A few years ago, I first came into contact with the natural language processing model BERT during a job.
When evaluating the performance of this model at that time, the leader said that the performance of this model needs to reach 200 tokens per second. Although he knew that this was a performance indicator, the concept of token was not very clear.
Because I had more exposure to visual models at that time, in the performance evaluation of visual models, there was a key indicator called fps, which is commonly understood as the number of pictures that can be processed in one second.
So what is the token per second? To understand this, we must first understand what a token is.
1. What is a token?
In the computer field, token usually refers to a string of characters or symbols. For example, the key of the WeChat public platform is called a token, which is actually a long string of characters.
In the field of artificial intelligence, especially in natural language processing (NLP), “token” refers to the smallest unit or basic element for processing text .
It can be a word, a phrase, a punctuation mark, a subword, or a character.
At present, many large models are based on tokens in terms of display capabilities and charging pricing. For example, OpenAI’s charging standard is: GPT-4, 1k tokens charge 0.01 knives.
So how to understand token?
Suppose you want an AI model to recognize the following sentence: “I love natural language processing!”.
The model does not directly understand what this sentence means, but needs to first decompose this sentence into token sequences.
For example, this sentence can be broken down into the following tokens:
- “I”
- “love”
- “natural”
- “language”
- “processing”
- “!”
The final punctuation mark is also a token, so what the model sees is the basic token unit, which helps the AI model understand the structure and meaning of the sentence.
2. How to split the token?
In NLP tasks, before processing text, the text needs to be tokenized, that is, the text is tokenized, and then these tokens are operated.

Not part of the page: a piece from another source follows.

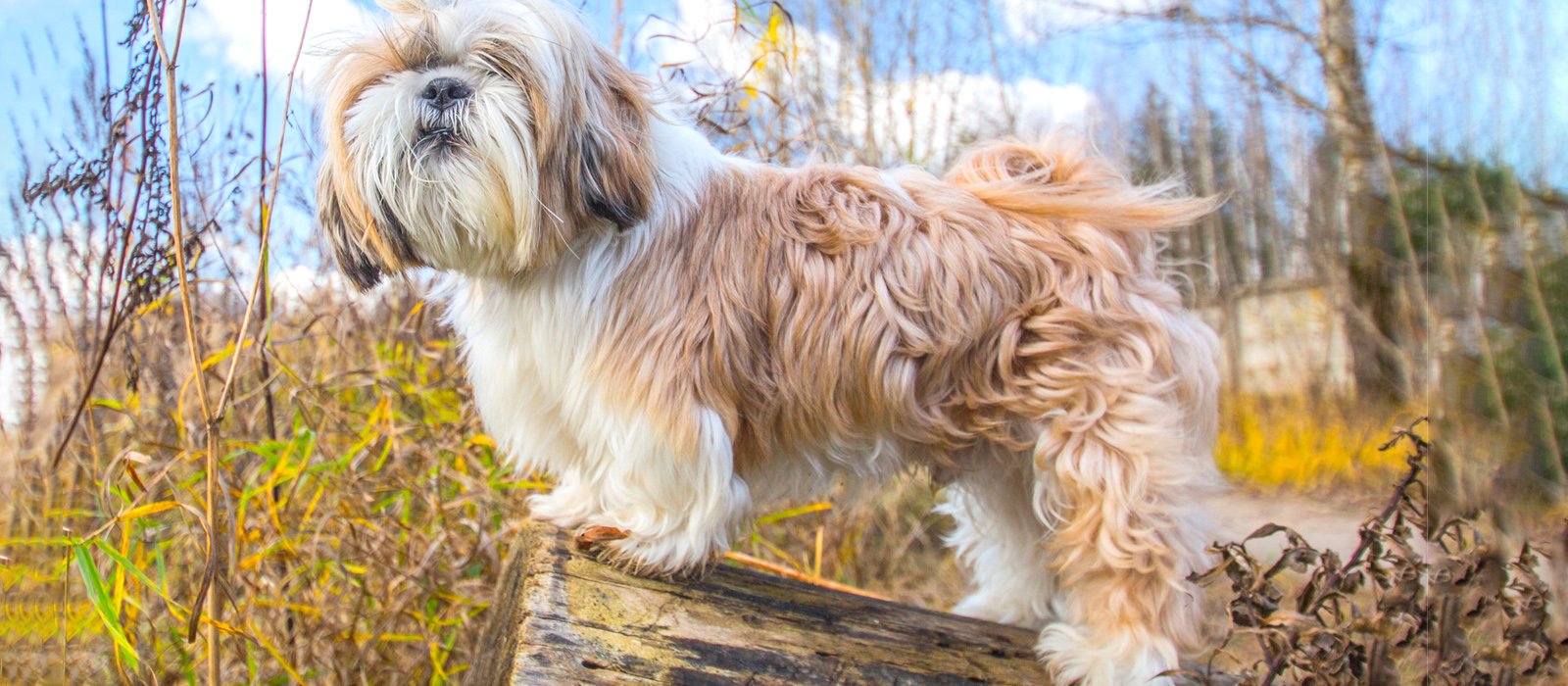 Pawsome Tips for your Shih Tzu!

There are currently many algorithms that can complete this tokenization process, which will not be discussed here.
Seeing this, you may ask, isn’t a token just a word?
In fact, this is not the case. As we said above, a token can be a word, a phrase or some sub-words.

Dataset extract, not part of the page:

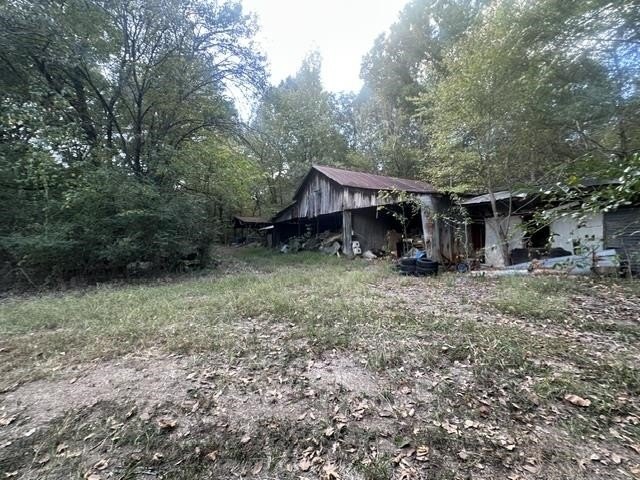 Picture 6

For example, in the tokenization stage, the three words “New York City” may be regarded as a token, because these three words together have a specific meaning, called New York City.
It is also possible to think of the word “debug” as two tokens, namely “de” and “bug”, so that the model may know that the “de” prefix means “reduce”.

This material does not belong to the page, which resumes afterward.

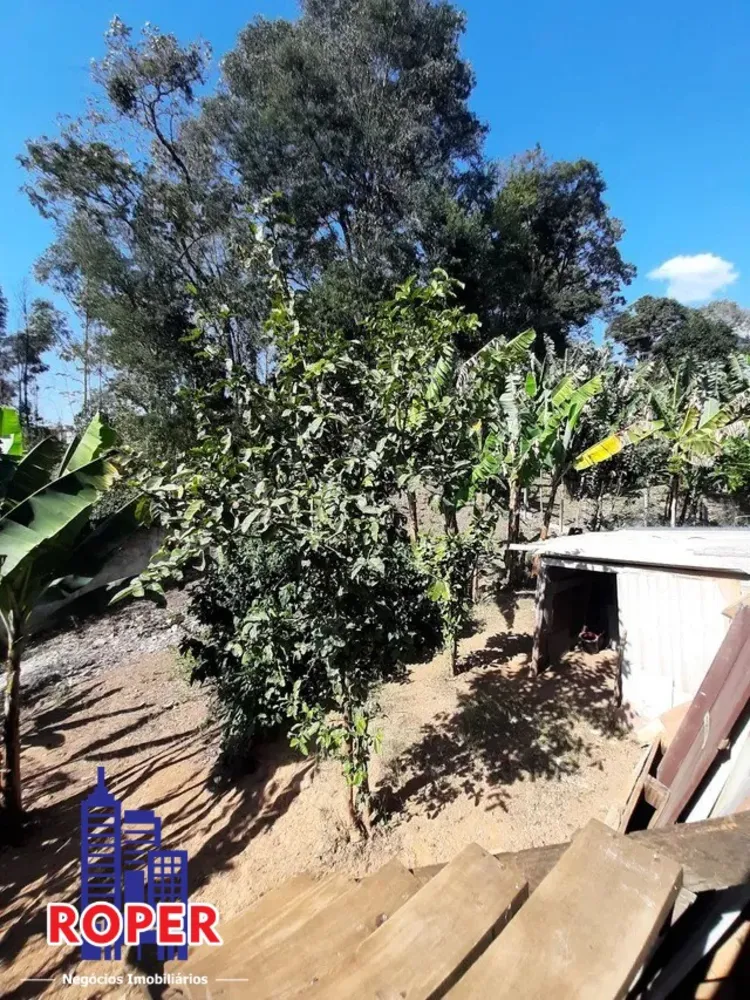 Chácara, 2 quartos, 1600 m² - Foto 16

If you encounter something like “devalue” again, you will divide it directly into two tokens, namely “de” and “value”, and you can know that devalue means “reduce value”.
Such tokens belong to subwords in words. This has many benefits. One of the benefits is that the model does not need to remember too many words.
(photo by AI)
Otherwise, the model may need to remember the four tokens “bug”, “debug”, “value”, and “devalue”.
Once the word is divided into sub-words, the model only needs to remember the three tokens “bug”, “value” and “de”, and it can also be extended to identify the meaning of “decrease”.
Do you understand after seeing this? A token may represent a word, a phrase, or characters and punctuation marks.
If you have an environment where chatGPT is used, you can test it to see if it can reverse the sentence.
In general, token can be understood as the smallest unit for natural language models to process text.
It is not necessarily a word, it may be a phrase, it may be some prefixes such as “de”, or it may be some punctuation (for example, an exclamation mark may represent stronger feelings), etc.
Knowing what token is, the meaning of token / s is very simple. This unit represents the number of tokens that the model can process in one second.
The larger the number, the faster the model processes text. Whether it is recognizing text or outputting text, it will be smoother for users to use it.